Pollo Tropical Operating Costs and Expenses (percentages stated as a percentage of Pollo Tropical restaurant sales). Pollo Tropical cost of sales increased to 33.4% in the third quarter of 2011 from 31.8% in the third quarter of 2010 due primarily to higher commodity prices (1.9%), including chicken (0.8%) and fuel surcharges, partially offset by the effect of menu price increases. Pollo Tropical restaurant wages and related expenses decreased to 23.1% in the third quarter of 2011 from 24.1% in the third quarter of 2010 due primarily to the effect of higher sales volumes on fixed labor costs and lower restaurant-level bonus accruals (0.4%). Pollo Tropical other restaurant operating expenses were 13.3% in both the third quarter of 2011 and 2010 as the effect of higher sales volumes on fixed operating costs was offset by higher repairs and maintenance expense and higher store opening costs. Pollo Tropical advertising expense increased slightly to 3.7% in the third quarter of 2011 from 3.6% in the third quarter of 2010.

Taco Cabana Operating Costs and Expenses (percentages stated as a percentage of Taco Cabana restaurant sales). Taco Cabana cost of sales increased to 31.2% in the third quarter of 2011 from 29.8% in the third quarter of 2010 due primarily to higher commodity prices including beef fajita meat (2.4%) partially offset by the effect of menu price increases taken in the last twelve months. Taco Cabana restaurant wages and related expenses decreased to 29.9% in the third quarter of 2011 from 30.5% in the third quarter of 2010 due primarily to the effect of higher sales volumes on fixed labor costs. Taco Cabana other restaurant operating expenses decreased to 14.1% in the third quarter of 2011 from 14.7% in the third quarter of 2010 due primarily to lower utility costs (0.2%), lower operating supply costs and the effect of higher sales volumes on other fixed operating costs. Taco Cabana advertising expense decreased to 3.7% in the third quarter of 2011 from 5.2% in the third quarter of 2010 due to the timing of promotions in the prior year.

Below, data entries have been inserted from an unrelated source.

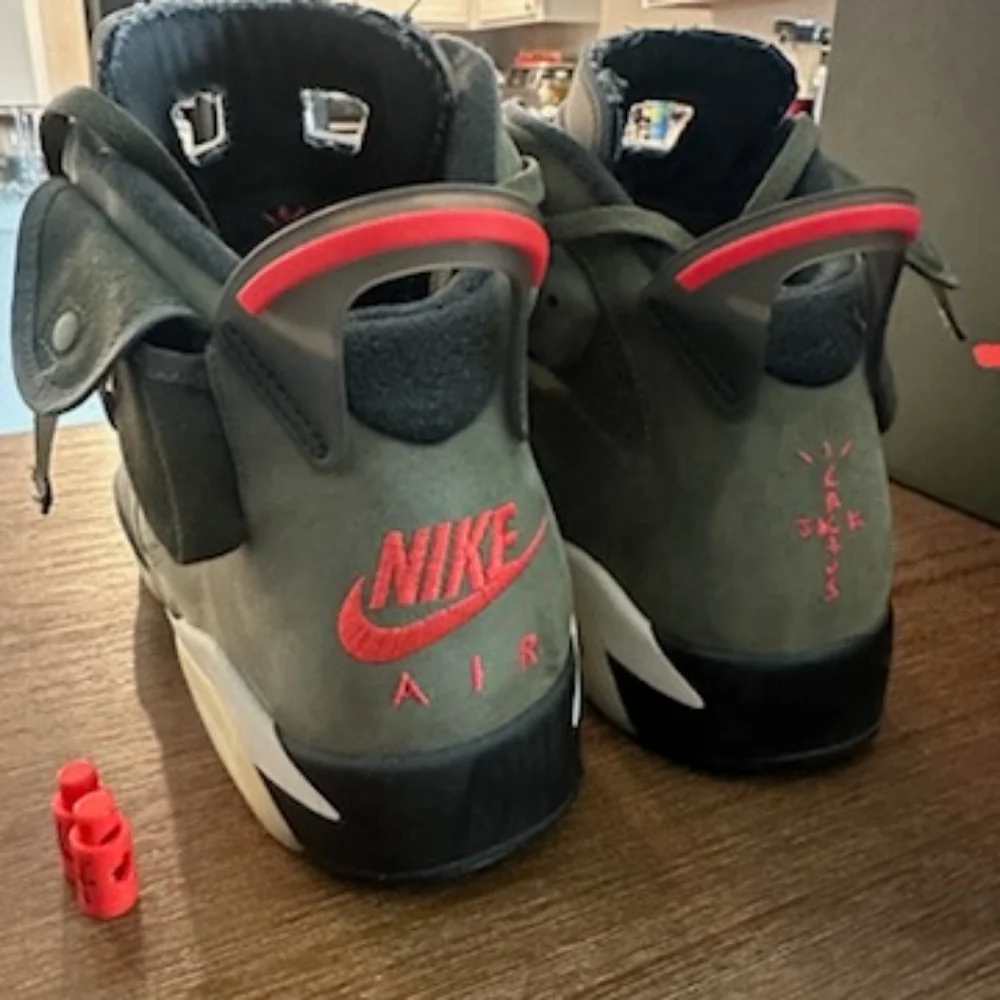 Travis Scott Jordan 6 Cactus Jack shoes size 12 - Picture 7 of 7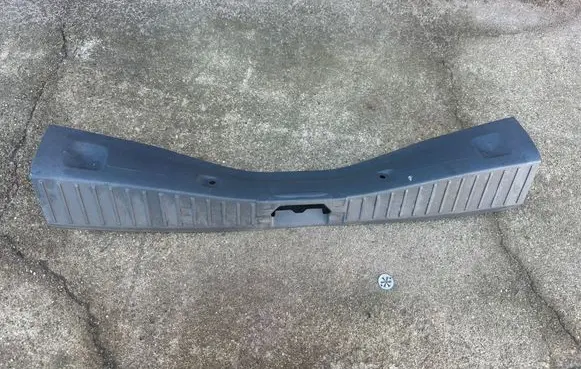 Ford C-MAX II Trunk/boot sill cover protection AM51R40320BB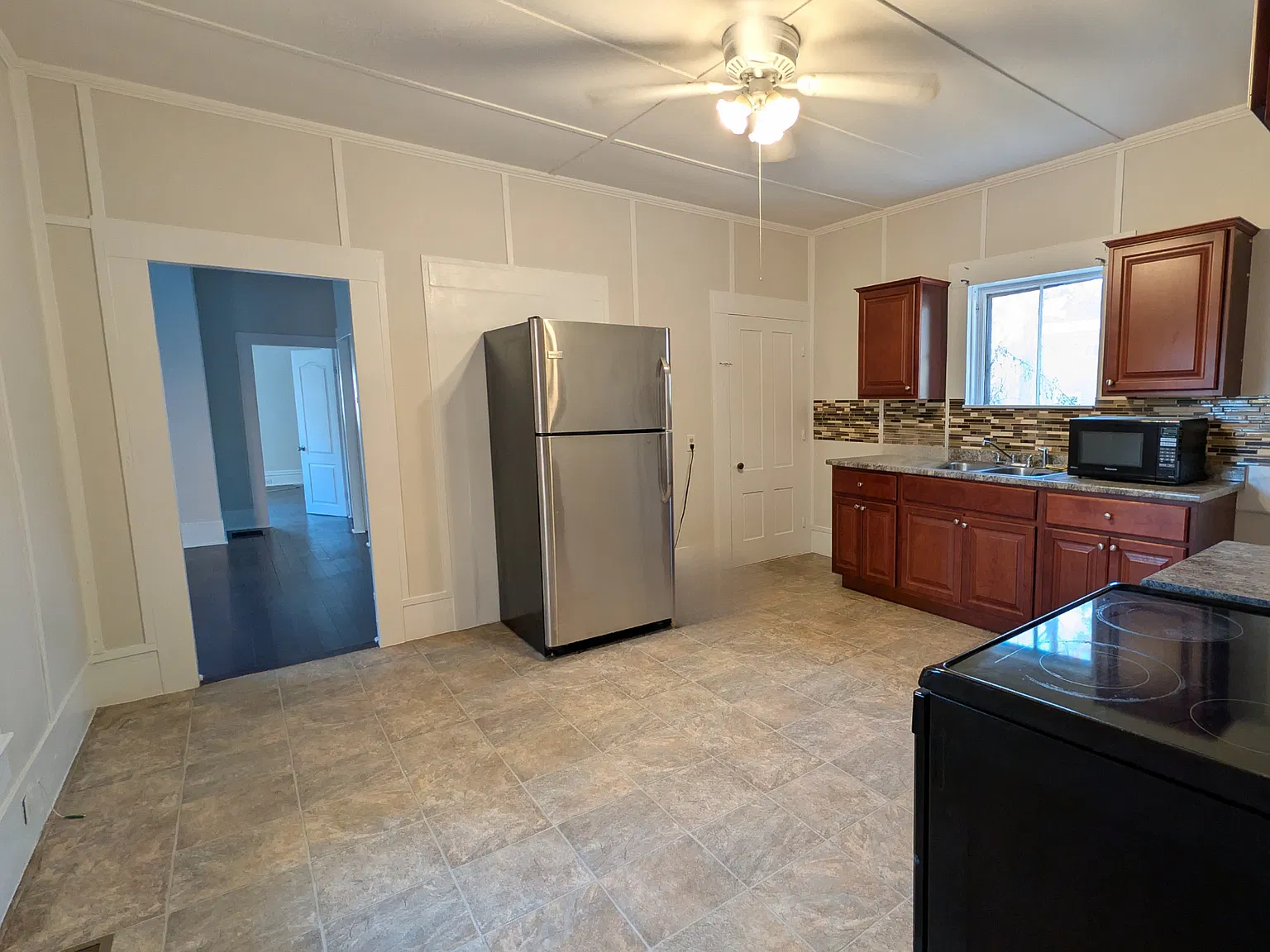 2 bed, 1200 sqft, $1,800 — Photo 4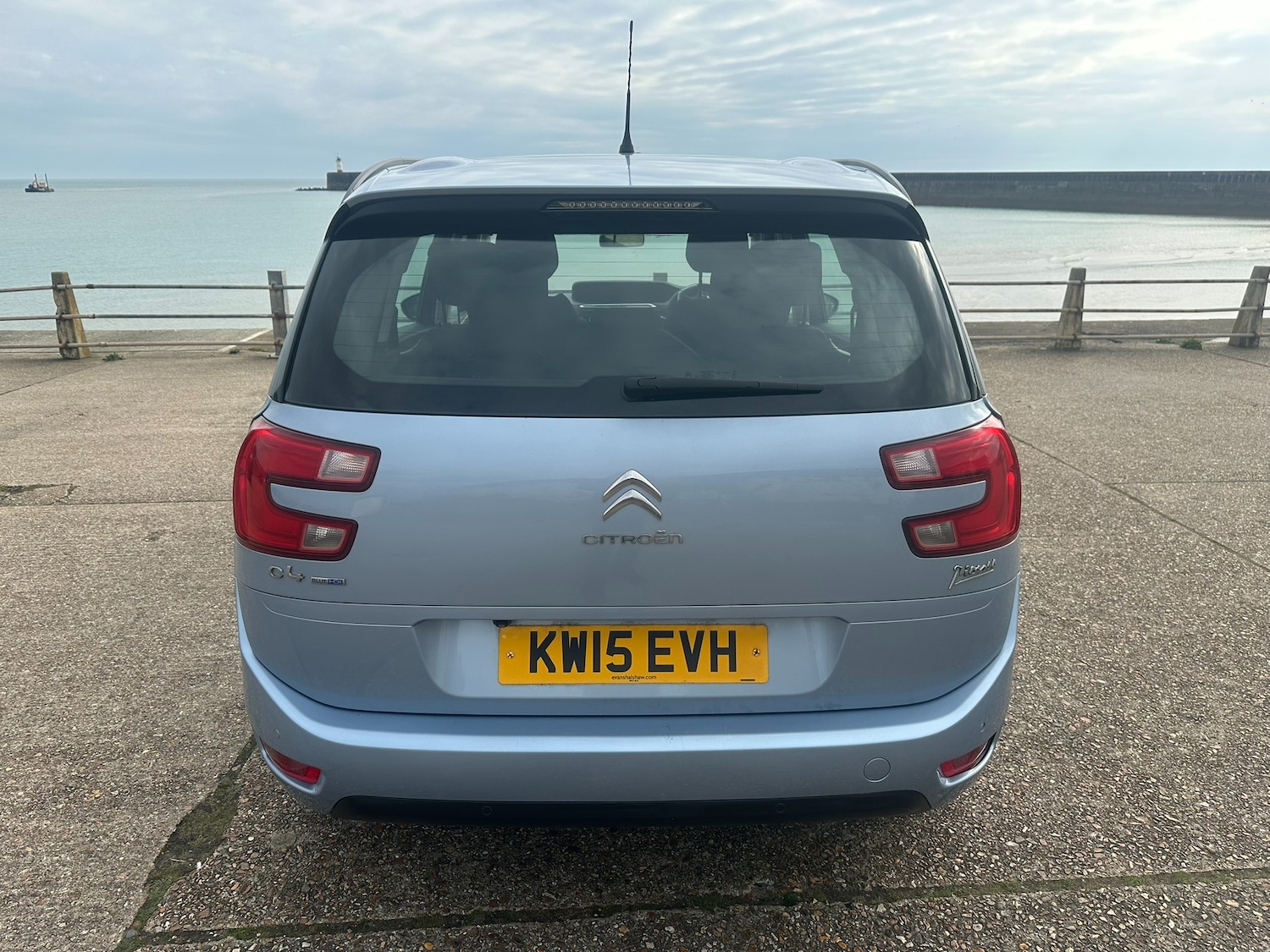 Used Citroen Grand C4 Picasso 2015 for sale - 78141940: Photo 5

Consolidated Restaurant Rent Expense. Restaurant rent expense, as a percentage of total restaurant sales, decreased to 3.5% in the third quarter of 2011 from 3.7% in the third quarter of 2010 due to the effect of higher sales volumes on fixed rental costs.

Consolidated General and Administrative Expenses. General and administrative expenses increased $1.5 million in the third quarter of 2011 to $9.1 million and, as a percentage of total restaurant sales, increased to 7.5% compared to 6.8% in the third quarter of 2010 due primarily to an increase of $0.4 million in performance-based administrative bonus accruals and higher allocated stock-based compensation expense of $0.2 million. General and administrative expenses included total allocated Carrols’ corporate expenses for executive management, information systems, stock-based compensation expense and certain accounting, legal and other administrative functions of $2.5 million and $1.9 million in the third quarter of 2011 and 2010, respectively.

Adjusted Segment EBITDA. As a result of the factors set forth above, Adjusted Segment EBITDA for our Pollo Tropical restaurants increased to $8.5 million in the third quarter of 2011 from $7.7 million in the third quarter of 2010. Adjusted Segment EBITDA for our Taco Cabana restaurants increased to $7.3 million in the third quarter of 2011 from $6.7 million in the third quarter of 2010.

Depreciation and Amortization Expense. Depreciation and amortization expense was $4.8 million in both the third quarter of 2011 and 2010.

Impairment and Other Lease Charges. Impairment and other lease charges in the third quarter consisted of lease charges of $0.1 million associated with the closure of a Pollo Tropical restaurant in the third quarter of 2011 and $0.1 million of sublease income to reduce our future minimum lease payments and ancillary costs related to a non-operating Taco Cabana restaurant property.

 

6


Interest Expense. Total interest expense increased $1.7 million to $6.7 million in the third quarter of 2011 due to interest expense associated with the issuance of $200.0 million of the Fiesta Notes in the third quarter of 2011. Interest expense associated with lease financing obligations was $2.8 million in both the third quarter of 2011 and 2010.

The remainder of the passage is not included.